● Task
Below are the records. Reproduce exactly the lines from the one containing "SUPRASORB P PU-Vaahtomuovi" through the final line, and omit any pictures.

**** Given data

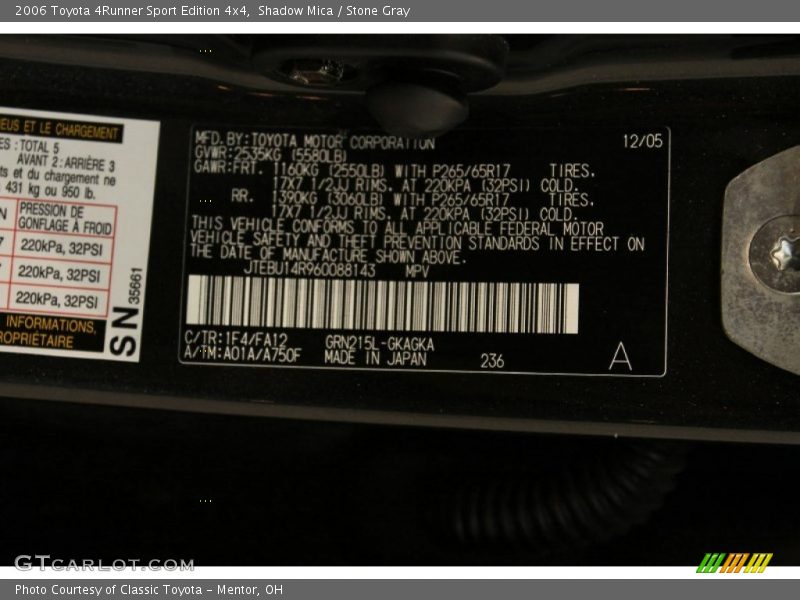 Shadow Mica / Stone Gray 2006 Toyota 4Runner Sport Edition 4x4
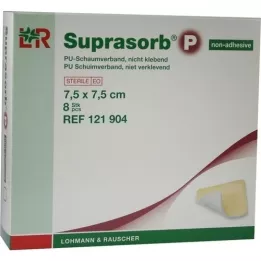 SUPRASORB P PU-Vaahtomuovi v.liimaton 7,5x7,5 cm, 8 kpl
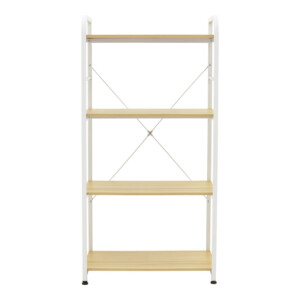 Ραφιέρα επιδαπέδια Depo pakoworld μέταλλο λευκό-mdf σε φυσική απόχρωση 60x40x120εκ-072-000147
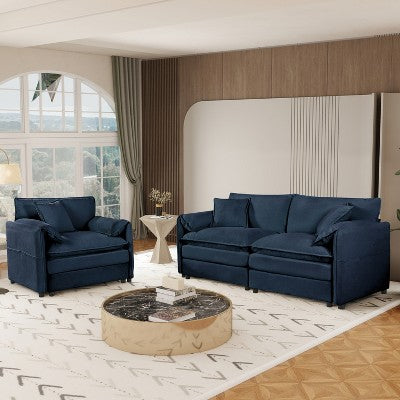 GDFStudio Jorah Modular 2 Piece Chenille Upholstered Sofa Set with 3 Pillows and Storage Pockets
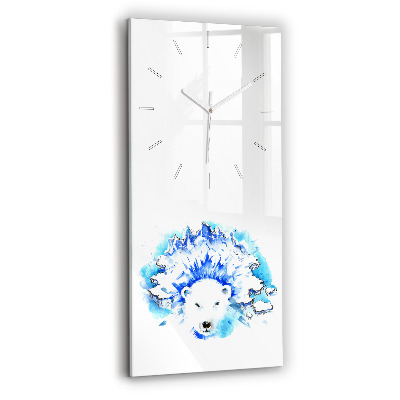 Horloge rectangulaire verticale Ours sur fond de glace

********

● Exercise output
 SUPRASORB P PU-Vaahtomuovi v.liimaton 7,5x7,5 cm, 8 kpl
 Ραφιέρα επιδαπέδια Depo pakoworld μέταλλο λευκό-mdf σε φυσική απόχρωση 60x40x120εκ-072-000147
 GDFStudio Jorah Modular 2 Piece Chenille Upholstered Sofa Set with 3 Pillows and Storage Pockets
 Horloge rectangulaire verticale Ours sur fond de glace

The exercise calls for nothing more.